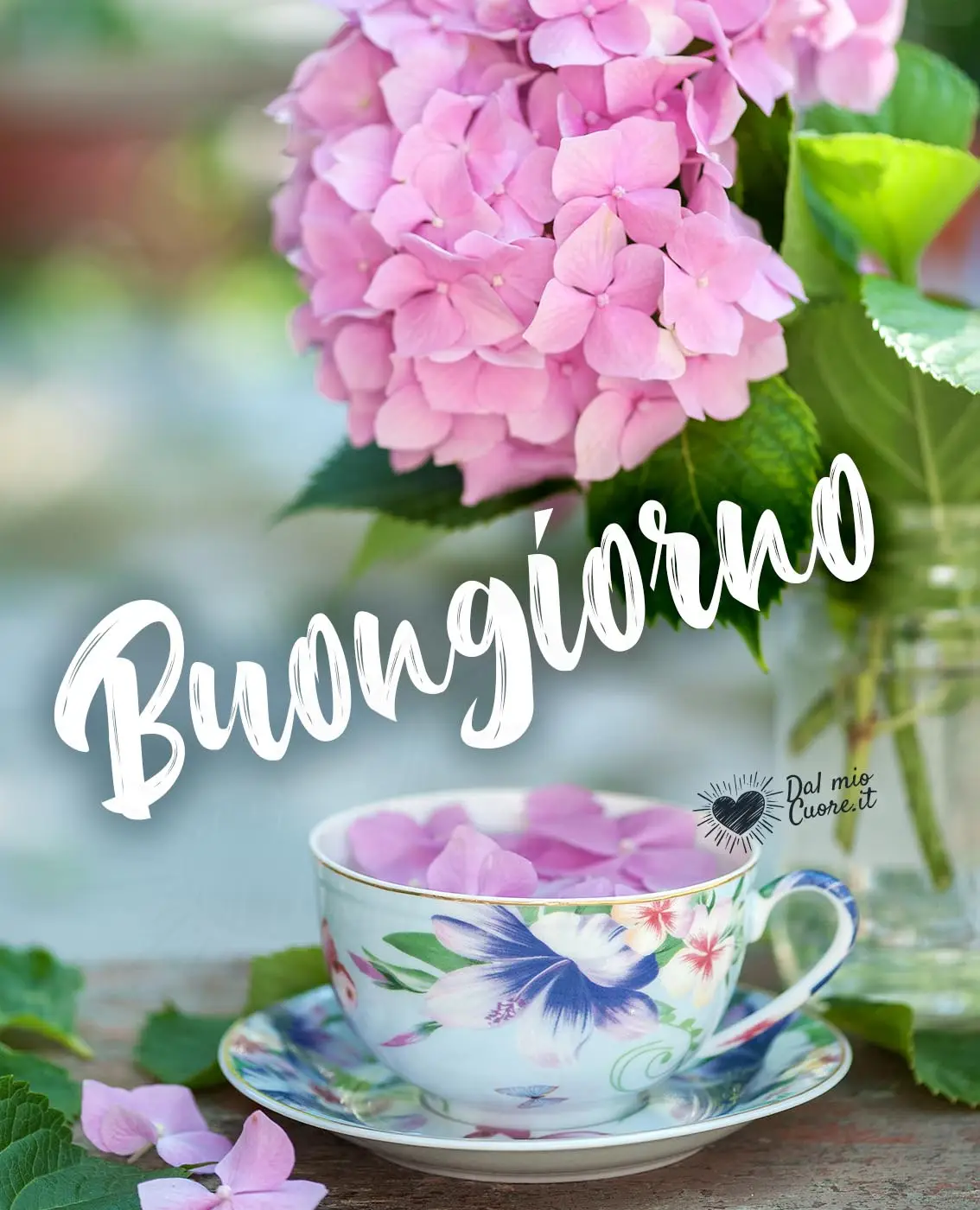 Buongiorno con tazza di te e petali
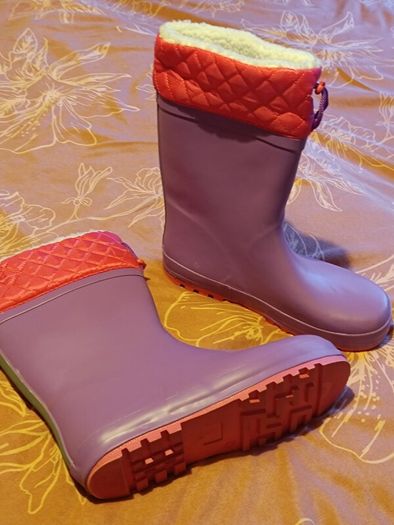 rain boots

...

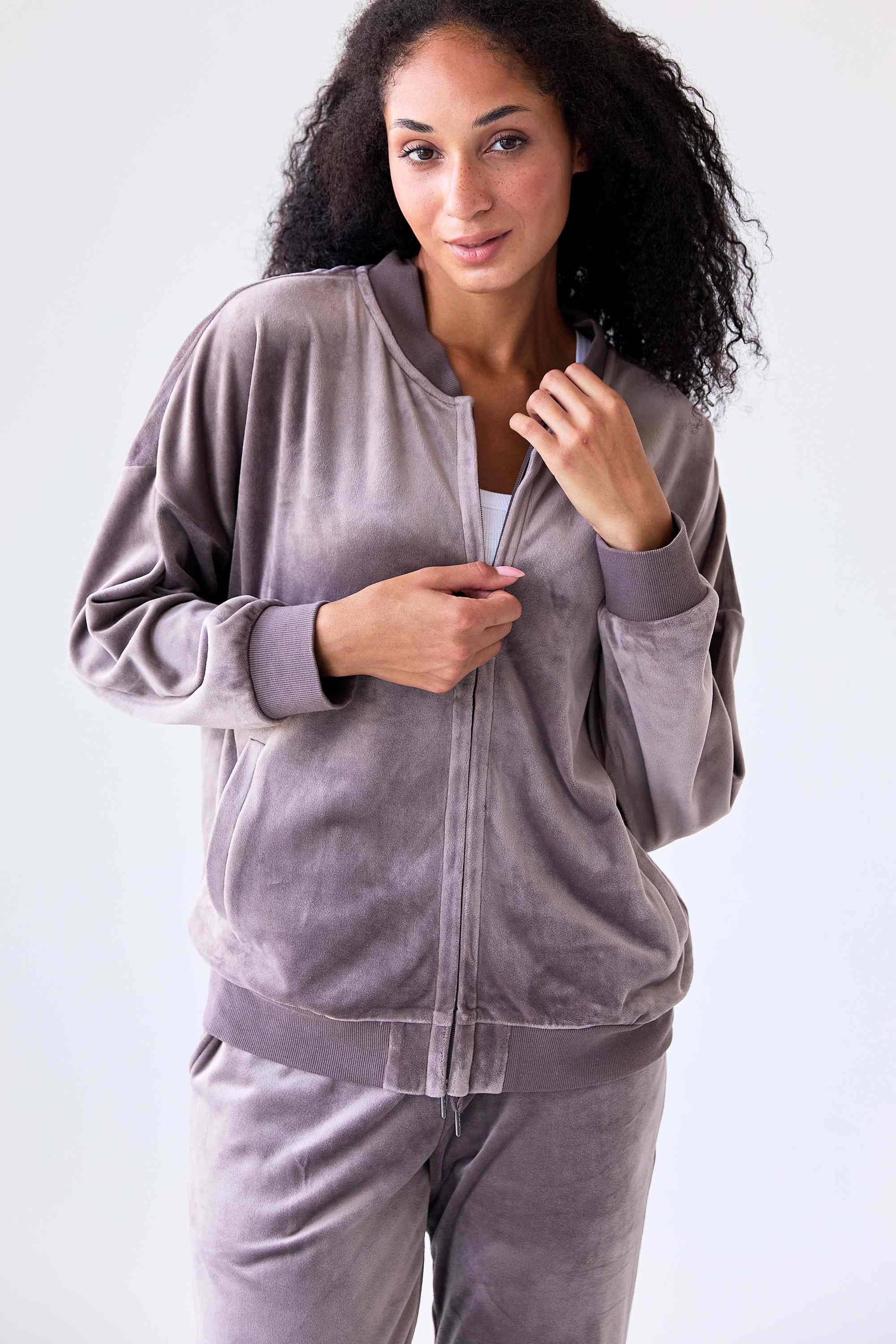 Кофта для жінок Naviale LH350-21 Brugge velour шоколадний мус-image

* * *

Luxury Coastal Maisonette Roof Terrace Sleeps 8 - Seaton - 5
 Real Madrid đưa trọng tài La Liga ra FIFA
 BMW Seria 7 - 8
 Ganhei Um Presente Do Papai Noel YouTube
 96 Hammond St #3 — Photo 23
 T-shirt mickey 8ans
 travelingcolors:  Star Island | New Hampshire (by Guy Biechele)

### EXERCISE REQUIREMENTS:
Reproduce only the lines above, starting at the line with "T-shirt mickey 8ans" and ending at the line with "(by Guy Biechele)", exactly as written.

### RESPONSE AREA:
 T-shirt mickey 8ans
 travelingcolors:  Star Island | New Hampshire (by Guy Biechele)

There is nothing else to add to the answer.